His thoughts went to Mabel. “Those houses in King’s Close are going to be eighty pounds a year, and what do you think, Mrs. Toller is going to take one.” And he had not answered her but had rustled the newspaper and had intended her to know why he had rustled the paper: to show he couldn’t stick it! Unkind. His heart smote him for Mabel. Such a pathetically simple thing for Mabel to find enjoyment in! Why, he might just as reasonably rustle the newspaper at a baby because it had enjoyment in a rattle. A rattle would not amuse him, and Mrs. Toller taking a house beyond her means did not amuse him; but why on earth should he—?
He put the thing to himself in his reasoning way, his brow wrinkled up: She was his wife. She had left her home for his home. She had a right to his interest in her ideas. He had a duty towards her ideas. Unkind. Rotten.
Upon a sudden impulse he looked at his watch. Only just after twelve. He could get back in time for lunch. Lonely for her, day after day, and left as he had left her that morning. They could have a jolly afternoon together. He could make it a jolly afternoon. Nona kept coming into his thoughts—and more so after this Twyning business. He would have Mabel in his thoughts.
He went in and told Mr. Fortune he rather thought of taking the afternoon off if he was not wanted. He mounted his bicycle and rode purposefully back to Mabel.
The free-wheel run down into Perry Green landed him a little short of his gate,—not bad! Pirrip, the postman, whom he had passed in the bicycle’s penultimate struggles, overtook him in its death throes and watched with interest the miracles of balancing with which, despite his preoccupation of mind, habit made him prolong them to the uttermost inch.
He dismounted. “Anything for me, Pirrip?”
“One for you, Mr. Sabre.”
Sabre took the letter and glanced at the handwriting.
It was from Nona.
Her small, neat, masculine script had once been as familiar to him as his own. It was curiously like his own. She had the same trick of not linking all the letters in a word.
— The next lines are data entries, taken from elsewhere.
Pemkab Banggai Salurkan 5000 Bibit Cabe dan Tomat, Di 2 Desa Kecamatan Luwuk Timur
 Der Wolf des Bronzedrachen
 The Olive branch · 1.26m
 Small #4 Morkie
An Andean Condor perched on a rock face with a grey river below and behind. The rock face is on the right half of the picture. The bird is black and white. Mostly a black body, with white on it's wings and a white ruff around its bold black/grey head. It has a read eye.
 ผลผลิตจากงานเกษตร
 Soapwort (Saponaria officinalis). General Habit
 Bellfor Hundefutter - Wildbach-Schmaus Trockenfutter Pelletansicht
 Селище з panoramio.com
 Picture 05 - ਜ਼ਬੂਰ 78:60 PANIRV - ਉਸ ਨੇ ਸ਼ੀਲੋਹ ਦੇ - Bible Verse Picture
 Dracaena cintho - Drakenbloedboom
Her longer words, like his own, looked as if they were two or three short words close together. To this day, when he did not get a letter from her once in a year—or in five years—his address on an envelope in her handwriting was a thing he could bring, and sometimes did bring with perfect clearness before his mental vision.
He glanced at it, regarded it for slightly longer than a glance, and with a little pucker of brows and lips, then made the action of putting it, unopened, in his pocket. Then he rested the bicycle against his hip and opened her letter.
“Northrepps. Tuesday.” She never dated her letters. He used to be always telling her about that. Tuesday was yesterday.